It was just a couple of weeks ago that Seattle began seeing some hard numbers come in reflecting the effect of the city’s adoption of a $15 an hour minimum wage. Not that everybody with a basic understanding of economics told them so, but low-wage workers’ earnings appear to have dropped by $1,500 a year, and the $15 minimum hasn’t even been fully phased in yet — maybe that’s when everybody starts making money.

Never fear: Seattle’s City Council has come to the rescue, on Monday approving a new income tax on high-earning residents, many of whom are probably considering life as former Seattle residents.

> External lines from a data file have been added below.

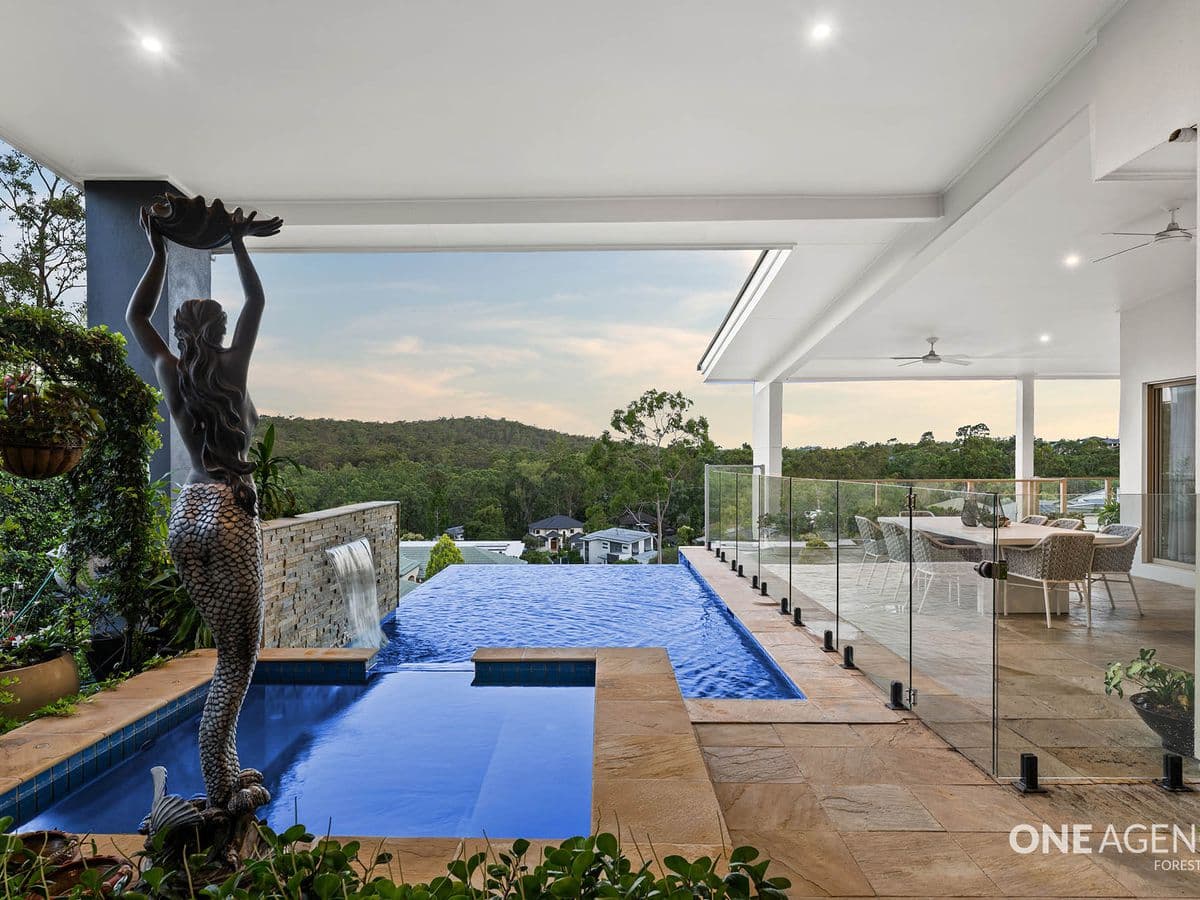 14 Seanna Place, BROOKWATER, Brookwater - Thumbnail 2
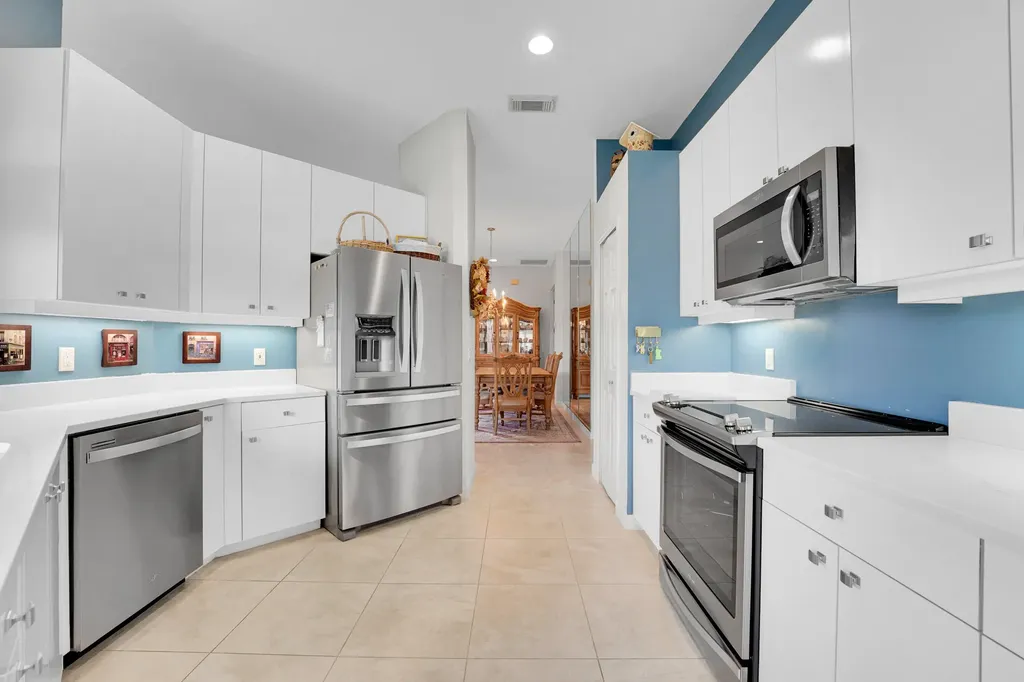 627 SW Saint Thomas Cove Port St Lucie FL 34986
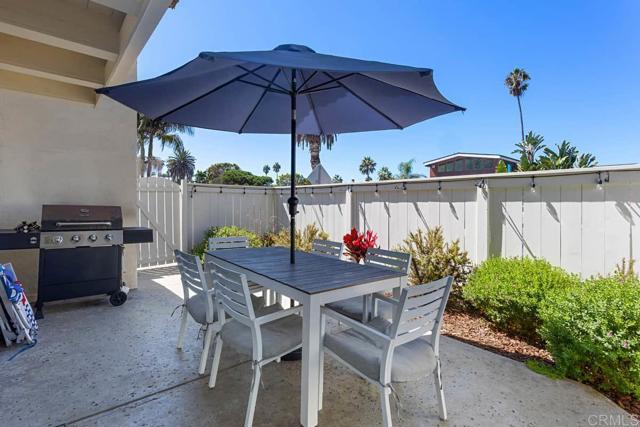 1817 19 Coast Boulevard, Del Mar CA: https://media.crmls.org/mediaz/7eaacc23-e421-4f40-84e5-fd8e3145b293.jpg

The vote is considered a test case because, as KING 5 in Seattle reports, the Washington state constitution includes a uniformity provision that states “taxes need to be uniform upon the same class of property.” Because the court ruled in the 1930s that income is property, the city’s tax on high earners wouldn’t be legal unless the State Supreme Court reinterpreted the law.

KING 5 adds that, under the ordinance, “wealthy residents would pay a 2.25 percent tax on income in excess of $250,000 for individuals and in excess of $500,000 for married couples who file taxes jointly.”

Council member and proud socialist Kshama Sawant now has checked off the second of three goals, the third of which is “housing justice.”

Eventually the minimum wage and the high-earner income tax will be raised so that everyone ends up with the same amount of money, right?